The introduction of biometric ID cards, the most ambitious scheme of its kind according to experts as they would carry fingerprint, iris and face-recognition technology, had been set for 2008.
However the Home Office confirmed the timescale would depend on a departmental review ordered by new Home Secretary John Reid and said the cards would only be introduced "when the time is right".
But it insisted the scheme would go ahead.
"We want to ensure we get the scheme right and do it in the right way rather than stick to any timetable," a Home Office spokesman said.
"Biometric identity is absolutely central to our future plans. We have always made clear that its introduction would be in stages -- an incremental process."
The statement follows the publication of leaked e-mails in a Sunday newspaper which said they were from senior civil servants involved in the scheme, expressing doubts about its feasibility.
Media reports said ministers were now preparing to scale down the project and come up with a compromise "face-saving" alternative scheme.
Any failure to bring in the cards on time would be an embarrassment for Prime Minister Tony Blair who has long championed their introduction, saying they were vital in tackling terrorism, fraud and organised crime.
But critics have leapt on the news as proof that the ID cards, which could cost as much as 19 billion pounds according to academics at the London School of Economics, would be an expensive white elephant that infringe on civil liberties.

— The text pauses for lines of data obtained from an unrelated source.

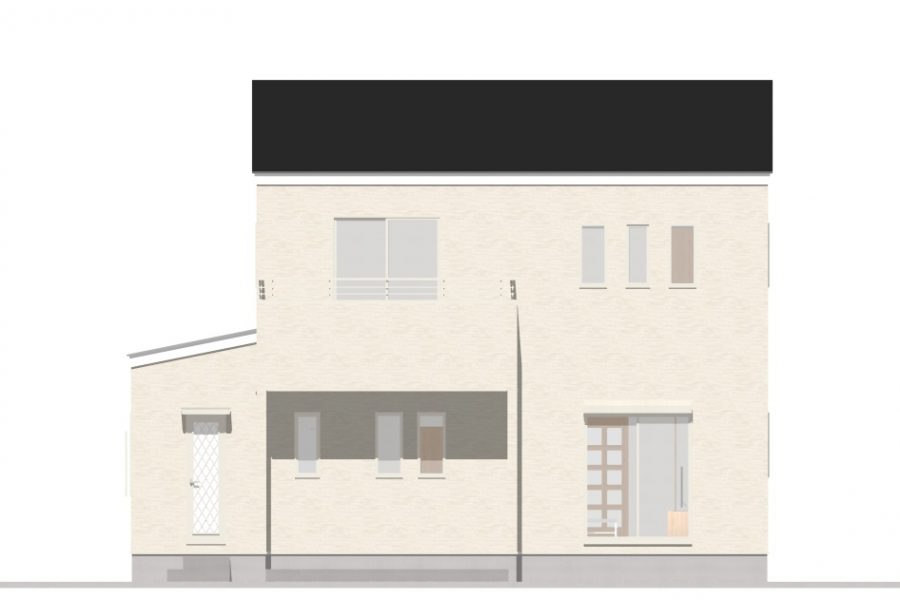 南面（立面図）<br />
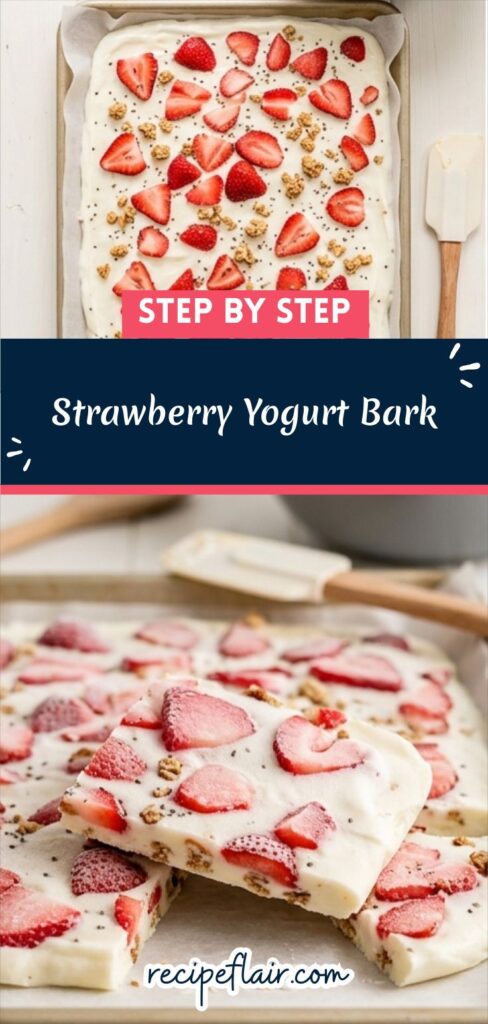 Strawberry Yogurt Bark Recipe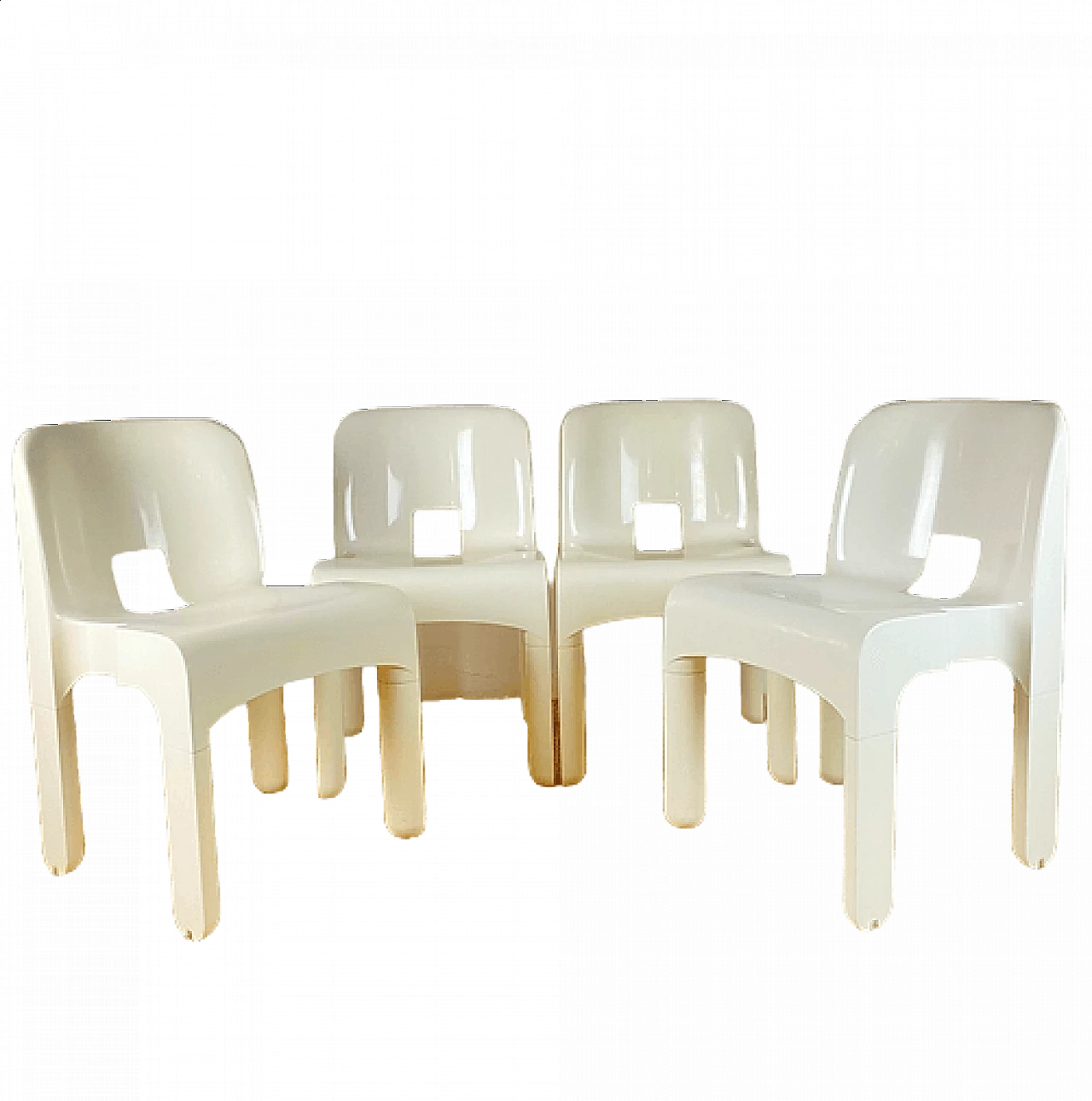 4 Chairs 4867 Universal by Joe Colombo for Kartell, 1970s 10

"The government has systematically misled the public, bullied Parliament and anyone who dared to speak against them, and wasted tens of millions already on a scheme that officials now admit is unworkable," said Phil Booth from campaign group NO2ID.
The Conservatives called for the scheme to be ditched.
"This ID card project continues to crumble as doubts about its effectiveness, technology and cost pile up," said the party's home affairs spokesman David Davis.
"It is becoming ever clearer, even from the government's own perspective, that they should abandon this expensive plastic poll tax which, far from improving our security, may well make it worse."
Parliament agreed the cards would be introduced from 2008 when citizens applying for or renewing passports would be given an ID card and their biometric details put on a national register.
However under a compromise deal, those applying from passports can opt out of getting an ID card until 2010.
When introduced, it would see Britons issued with ID cards for the first time since they were abolished after World War Two.
ID cards are used in about a dozen European Union countries but are not always compulsory and do not carry as much data as those planned for Britain.